Problem to work on: The answer must consist solely of the lines from the one with "Chanel Metal CC" through the last line of the data, copied exactly, with no pictures.

Records supplied:

◆ ◆ ◆ ◆ ◆ ◆ ◆

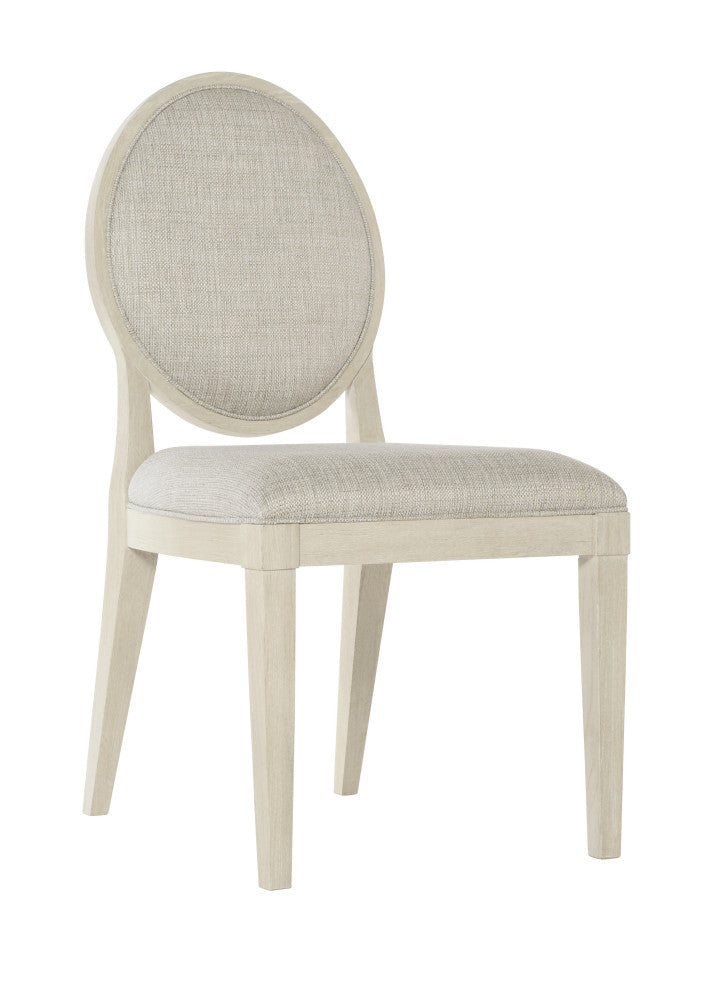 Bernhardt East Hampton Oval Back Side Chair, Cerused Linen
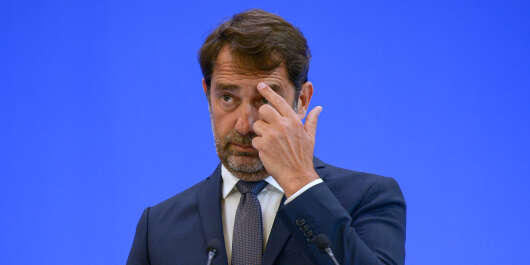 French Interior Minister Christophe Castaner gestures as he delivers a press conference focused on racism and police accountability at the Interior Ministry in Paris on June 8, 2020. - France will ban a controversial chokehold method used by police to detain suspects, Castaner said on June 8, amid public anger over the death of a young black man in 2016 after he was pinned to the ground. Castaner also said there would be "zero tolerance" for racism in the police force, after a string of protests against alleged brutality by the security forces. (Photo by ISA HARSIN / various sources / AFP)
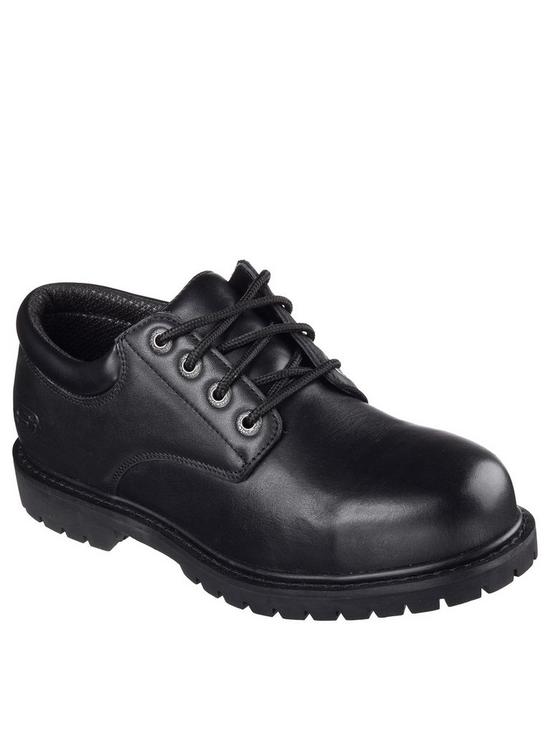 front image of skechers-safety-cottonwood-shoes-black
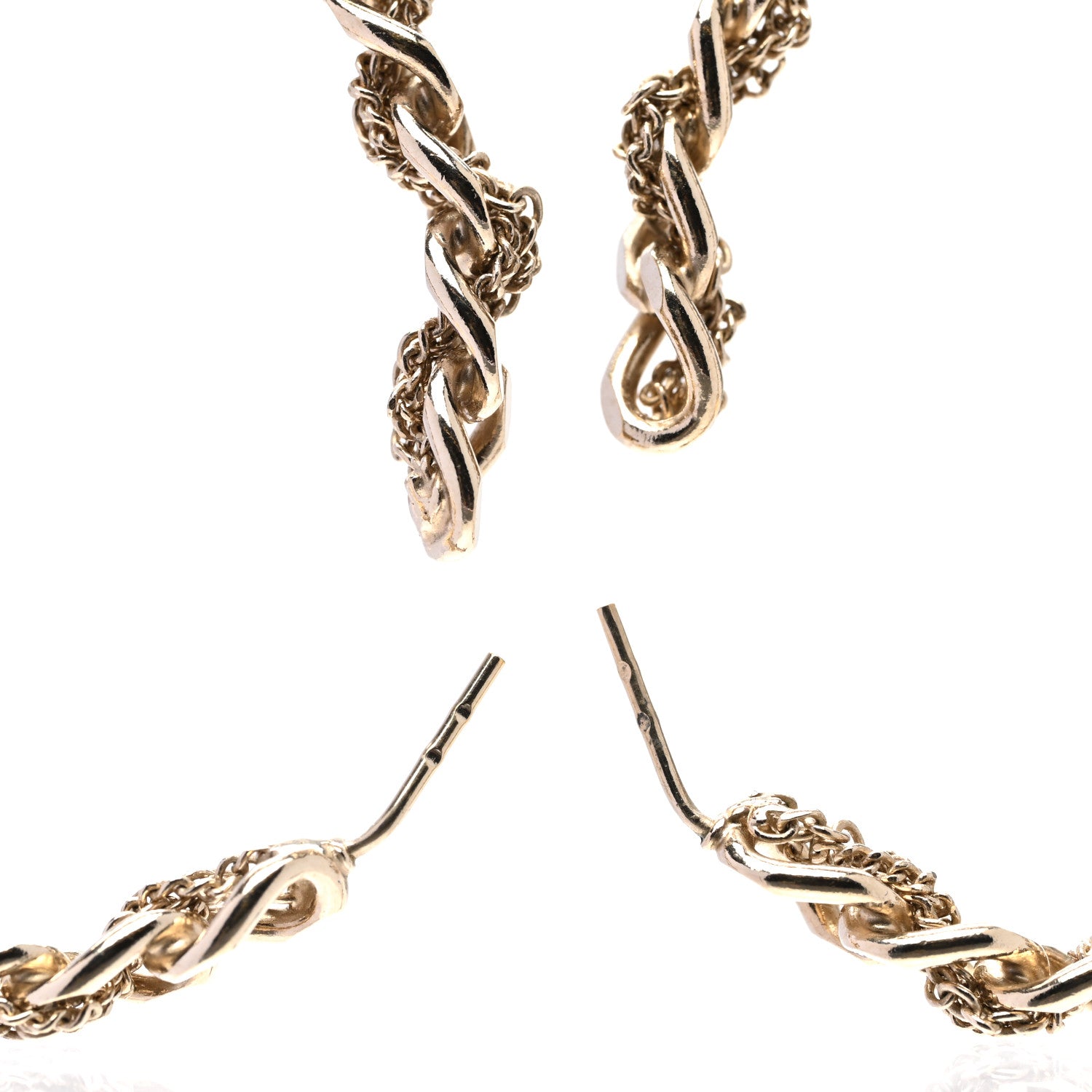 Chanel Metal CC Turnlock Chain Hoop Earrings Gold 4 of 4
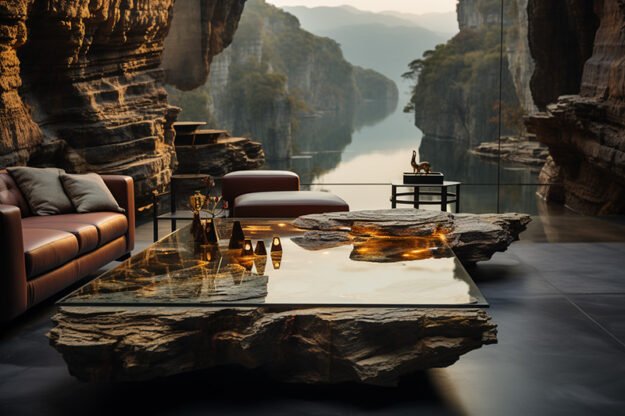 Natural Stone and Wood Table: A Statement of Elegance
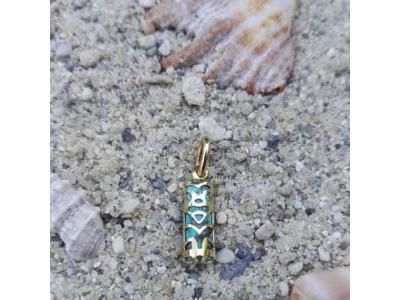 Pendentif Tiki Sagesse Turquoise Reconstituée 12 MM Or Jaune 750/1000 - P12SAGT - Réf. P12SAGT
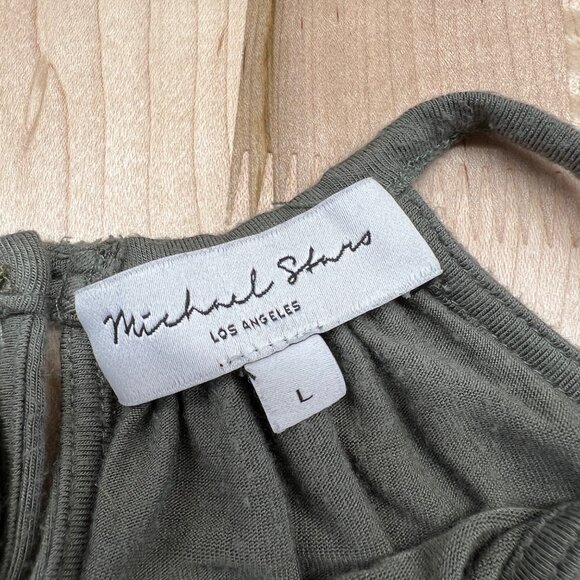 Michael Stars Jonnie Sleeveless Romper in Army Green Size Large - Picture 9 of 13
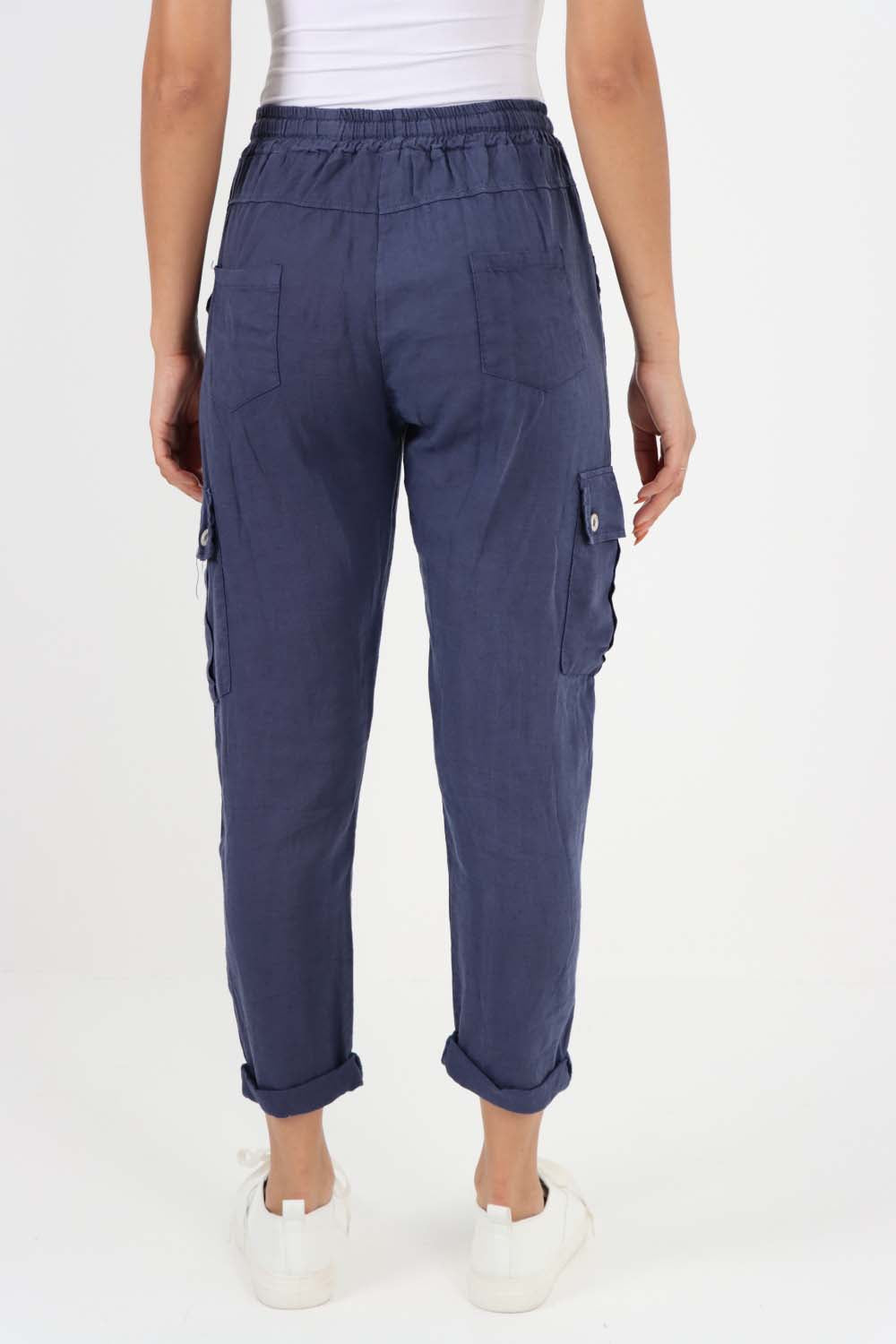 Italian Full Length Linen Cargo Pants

◆ ◆ ◆ ◆ ◆ ◆ ◆

Response:
 Chanel Metal CC Turnlock Chain Hoop Earrings Gold 4 of 4
 Natural Stone and Wood Table: A Statement of Elegance
 Pendentif Tiki Sagesse Turquoise Reconstituée 12 MM Or Jaune 750/1000 - P12SAGT - Réf. P12SAGT
 Michael Stars Jonnie Sleeveless Romper in Army Green Size Large - Picture 9 of 13
 Italian Full Length Linen Cargo Pants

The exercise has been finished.